A gauche, l’écologiste Christian Larger, élu sur la liste du maire avant de rejoindre l’opposition, suite à des désaccords, est également sur la départ, et souhaite monter une liste citoyenne à forte dominante écologiste, sans pour  renier ni brandir l’étendard EELV. L’élu a en revanche fixé les frontières. Pas question de repartir avec le maire sortant, Régis Charbonnier (PS), ni avec le rassemblement citoyen de Moncef Jendoubi, dont il indique ne pas voir assez lisiblement où il se situe politiquement. L’élu ne croit pas de toutes façons dans les alignements de logos de partis. En attendant, il met en pratique ses convictions, qui s’est saisi du nettoyage d’un morceau de trottoir situé sur la commune de Bonneuil mais  fréquenté surtout par des habitants de Boissy. «C’est aussi l’image de l’entrée de Boissy qui est en cause quand on y arrive à pied ou à vélo en venant du nord. Et j’ose à peine imaginer les difficultés que pourraient rencontrer des non-voyants qui voudraient y passer à pied. Ça m’est déjà arrivé de crever à vélo dans cette zone, souvent sale, encombrée de détritus et d’éclats de verre. J’ai bien conscience que de nombreux autres endroits à Boissy et ailleurs sont aussi mal entretenus, voire plus, mais ce n’est pas une consolation, et je crois qu’il y a une responsabilité citoyenne à exercer à l’endroit où on habite, dans les lieux que l’on fréquente», motive-t-il.

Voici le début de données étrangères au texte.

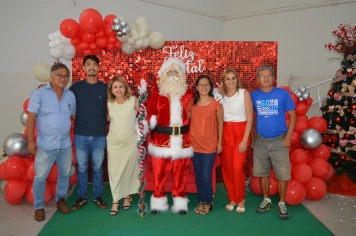 Foto - Festiva de fim de ano no Fundo Social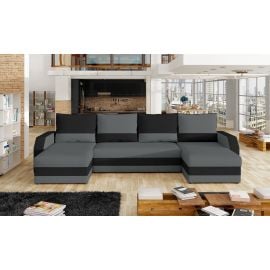 Eltap Marion Alova/Alcove Corner Pull-Out Sofa 52x307x85cm, Grey (MAR_01) | Sofas | prof.lv Viss Online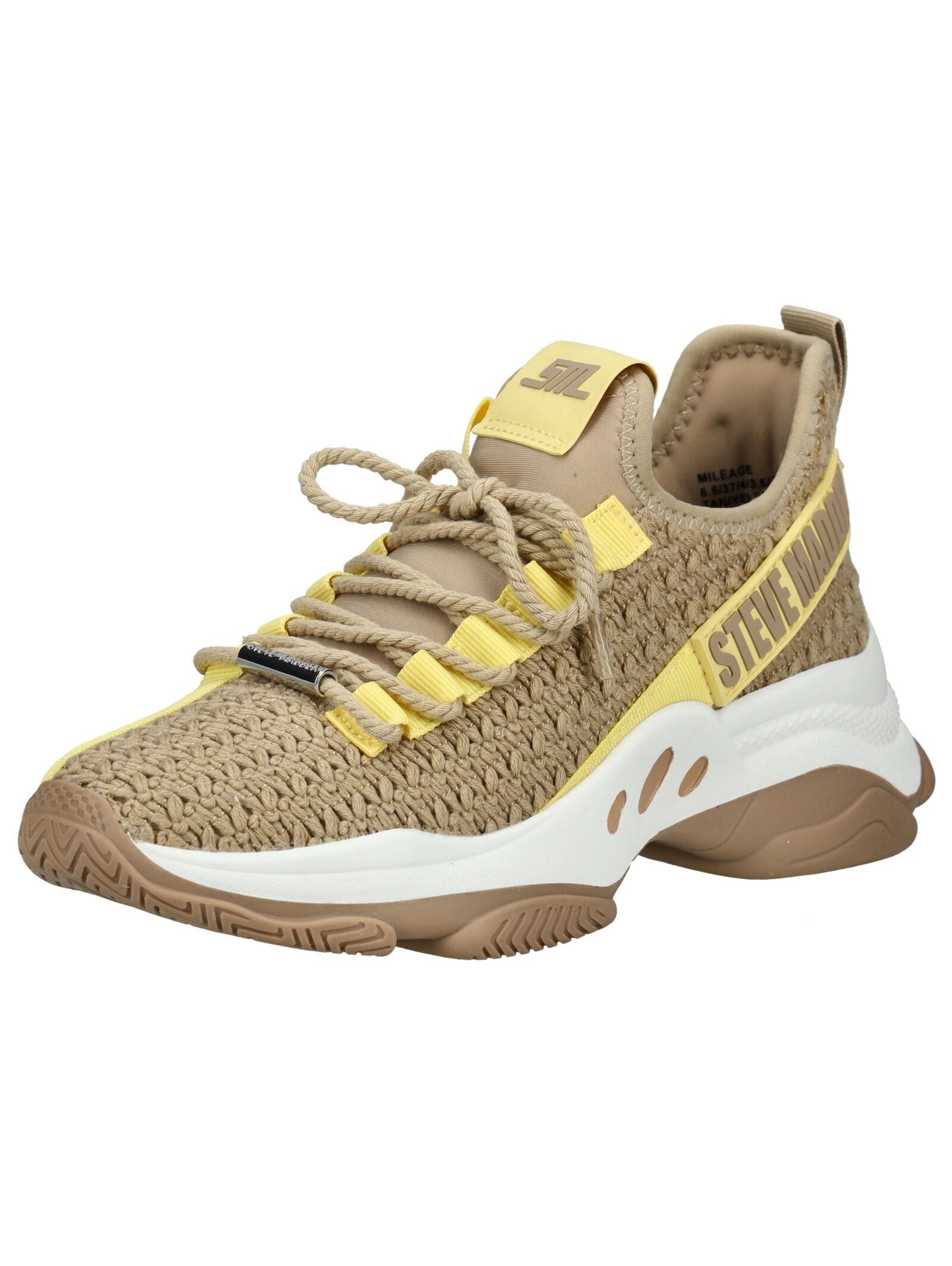STEVE MADDEN Sneaker "STEVE MADDEN Sneaker Textil" günstig online kaufen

A gauche toujours, l’ancien bras droit du maire, Nicolas Georges, son directeur de cabinet avant d’être élu adjoint et de claquer la porte sur des désaccords, ne sait pas encore ce qu’il fait. L’ex PS désormais LFI sait en revanche qu’il ne partira pas avec le maire ni avec le rassemblement citoyen.

Idem pour André Yon, du POI, qui s’était présenté au premier tour de 2014 où il avait fait 5,84% des voix, après avoir été dans la majorité. Lui verrait bien une liste d’unité avec le PCF ou LFI.

Le maire sortant, Régis Charbonnier, ne s’est en revanche pas encore positionné. «Pour le moment, je me concentre sur mon travail de maire avec des gros dossiers comme la fin de la déviation de la RN19, le zac Charmeraie, la requalification du pôle gare… Je n’ai pas encore pris de décision définitive même si je sens un climat positif et le soutien de mon équipe. Je ferai part de mon choix en décembre, avant les voeux», indique-t-il. En termes d’alliance, ce dernier se verrait bien repartir avec ses actuels alliés du PCF, du PRG, et vise un rassemblement à gauche, y compris avec les écologistes.

De quoi laisser présager de pas mal de monde sur la ligne de départ, sans même évoquer tous les partis potentiels en présence. Autant de mouvements voulant rassembler largement les citoyens au-delà des étiquettes.